Monday, August 18, 2008

Green Supermarket (2)

Another item on how supermarkets are attempting to turn themselves green here.

All these new initiatives just in time to bring them all together on the World Heritage Jurassic Coast in Seaton - aren't we the lucky ones ..... perhaps ...... not.

Sunday, August 17, 2008

Sainsbury paints itself green with wooden store in Dartmouth

Sainsbury opened their new store in Dartmouth last week with a lot of publicity about the "green-ness" of it - see link here and here.

Tesco says that it plans to open four "green" stores this year, though it doesn't mention what percentage of new stores this represents.

Saturday, August 16, 2008

British seaside holidays massive increase

Todays Guardian:

The British seaside is seeing record numbers of bookings: Brighton is up 70%, Bournemouth 20% and Eastbourne 66%. It goes on to say: "The Brits are taking abother look at holidaying at home because of the economic climate. Visitors are booking more add-ons with their hotels - theme parks, theatre and music tickets."

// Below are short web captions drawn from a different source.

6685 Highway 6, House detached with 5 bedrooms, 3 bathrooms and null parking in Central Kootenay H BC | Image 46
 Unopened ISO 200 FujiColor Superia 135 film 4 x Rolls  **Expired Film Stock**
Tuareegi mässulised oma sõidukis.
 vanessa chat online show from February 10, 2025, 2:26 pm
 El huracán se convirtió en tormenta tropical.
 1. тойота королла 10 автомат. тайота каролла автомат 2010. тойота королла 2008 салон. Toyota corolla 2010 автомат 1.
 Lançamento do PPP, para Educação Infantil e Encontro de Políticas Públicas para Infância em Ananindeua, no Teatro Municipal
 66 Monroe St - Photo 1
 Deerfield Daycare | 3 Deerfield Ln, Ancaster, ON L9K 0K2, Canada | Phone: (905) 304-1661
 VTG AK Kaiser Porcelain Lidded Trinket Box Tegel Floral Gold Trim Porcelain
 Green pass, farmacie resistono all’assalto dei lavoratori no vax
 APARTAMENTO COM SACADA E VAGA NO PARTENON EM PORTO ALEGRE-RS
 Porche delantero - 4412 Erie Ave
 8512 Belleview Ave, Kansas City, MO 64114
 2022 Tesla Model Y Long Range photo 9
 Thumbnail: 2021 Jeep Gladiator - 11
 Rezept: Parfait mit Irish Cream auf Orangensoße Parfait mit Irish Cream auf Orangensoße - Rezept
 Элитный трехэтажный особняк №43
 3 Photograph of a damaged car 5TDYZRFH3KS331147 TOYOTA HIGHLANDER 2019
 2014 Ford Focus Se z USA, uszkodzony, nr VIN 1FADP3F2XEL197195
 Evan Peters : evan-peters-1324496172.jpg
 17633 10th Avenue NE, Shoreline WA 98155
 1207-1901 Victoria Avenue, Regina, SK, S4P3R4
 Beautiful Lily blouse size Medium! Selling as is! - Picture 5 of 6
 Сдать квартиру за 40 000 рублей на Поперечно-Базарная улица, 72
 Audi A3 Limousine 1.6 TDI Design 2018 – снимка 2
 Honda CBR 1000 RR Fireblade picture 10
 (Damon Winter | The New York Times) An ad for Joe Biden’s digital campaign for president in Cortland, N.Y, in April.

Campsites (tents) have seen bookings up 10% this year. Asda reported that its stores in seaside towns were trading "phenominally well".

Seaton beach has been busier than ever before in the last couple of weeks, the Lyme Bay holiday village is completely full this week and has had to put some over-booked customers with local bed and breakfast businesses according to a b and b owner who took some of the overspill.

And what happens next? Tesco closes down the holiday village, the nursery, the pool and the gym in January 2009. What does it replace them with? er, pass .....

Wednesday, August 13, 2008

Excellent letter in View from Seaton

Excellent letter from the "Man from Musbury" in this week's View from Seaton. Keep them coming Mr Lee - we need more people like you questioning exactly what is going on and examining statements that people make and words that don't turn into actions. Keep them coming!

Saturday, August 09, 2008

You're never too old....

For those who live or work in a care home...take heed

See here


Thursday, August 07, 2008

Cheaper UK holidays enjoying a boom

According to the BBC (this article was about camping but could have been about any cheaper holiday in the UK): "The price of the euro and increased security checks at airports has probably put more people off travelling abroad, Mr Harper-Smith said. "Petrol has gone through the roof and people want to go closer to home and get something more affordable," he said."People are used to going away more than once a year and now, of course, it's that much more expensive and everyone is watching the pennies.

What a pity then that a holiday village which even now is 80% occupied should have to close down and be demolished just when it could have been exactly what was needed. Not to mention that the town will lose its gym and pool too.

Come on, Tesco - show that you have a heart (and a good business head - we are talking about making money here, too!).